Input material section start

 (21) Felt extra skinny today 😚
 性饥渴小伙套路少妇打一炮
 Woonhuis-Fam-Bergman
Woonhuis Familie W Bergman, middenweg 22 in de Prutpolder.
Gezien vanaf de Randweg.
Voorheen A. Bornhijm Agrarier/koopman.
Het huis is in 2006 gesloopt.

Input material section end
Input material section start

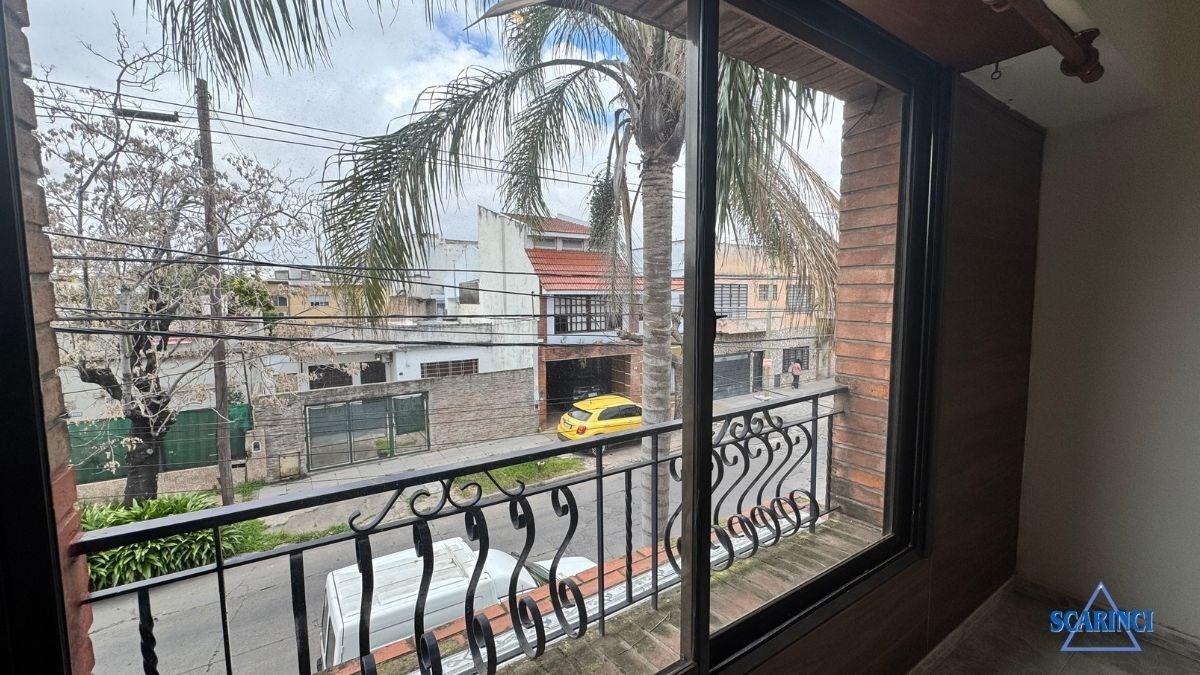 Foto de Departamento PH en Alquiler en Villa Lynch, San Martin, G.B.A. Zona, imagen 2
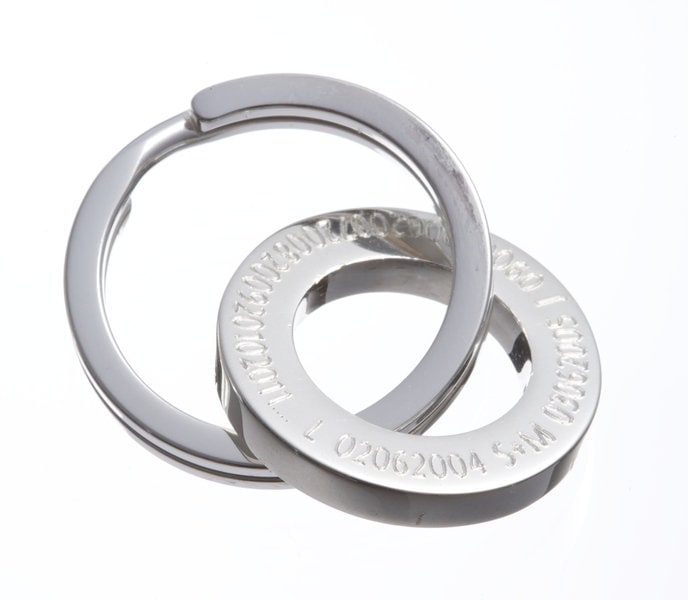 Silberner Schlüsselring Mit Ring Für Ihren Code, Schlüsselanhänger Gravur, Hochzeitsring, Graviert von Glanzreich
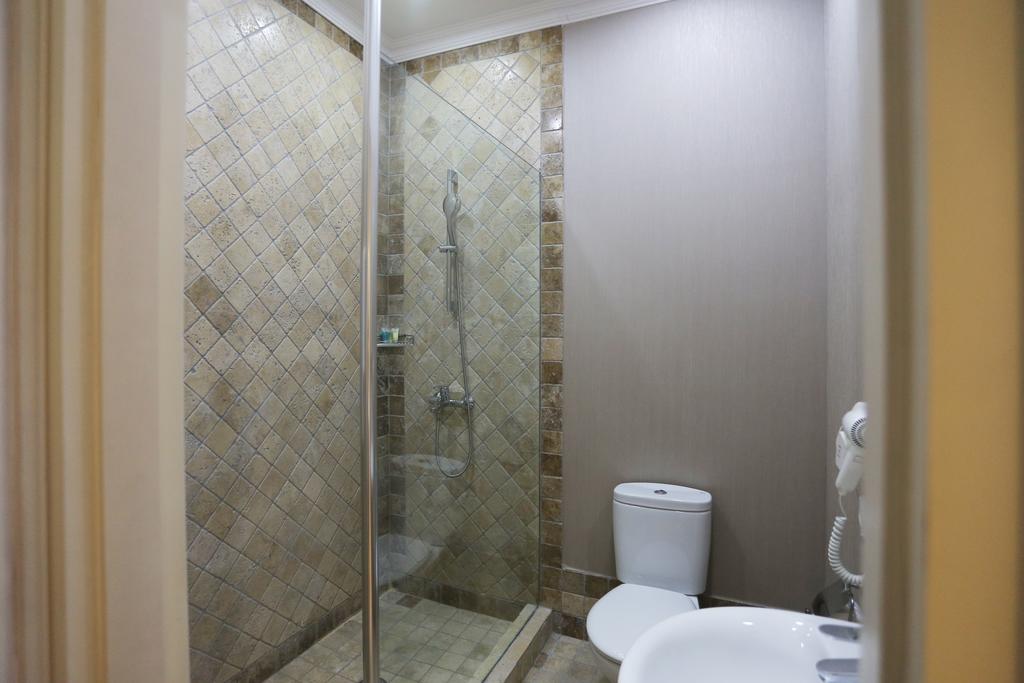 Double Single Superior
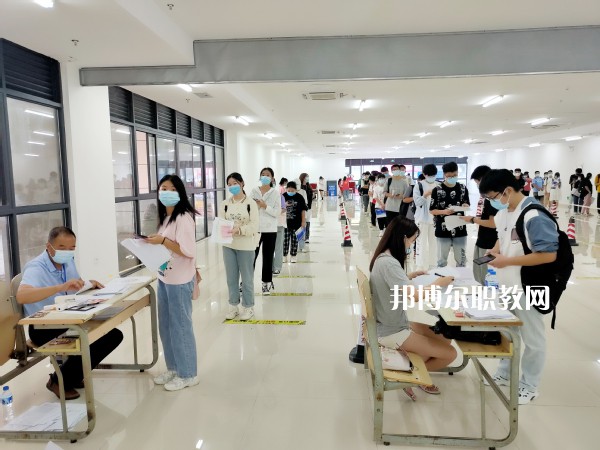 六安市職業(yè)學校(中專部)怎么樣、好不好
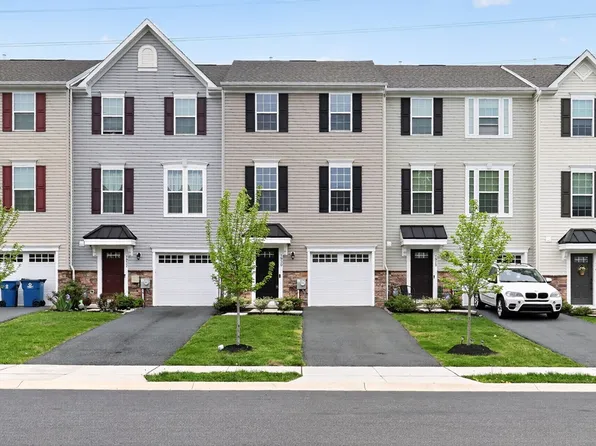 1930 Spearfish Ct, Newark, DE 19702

Input material section end

### What is needed
Say how many lines of the material contain the word "Bergman", with no other text.

### Response to this task
2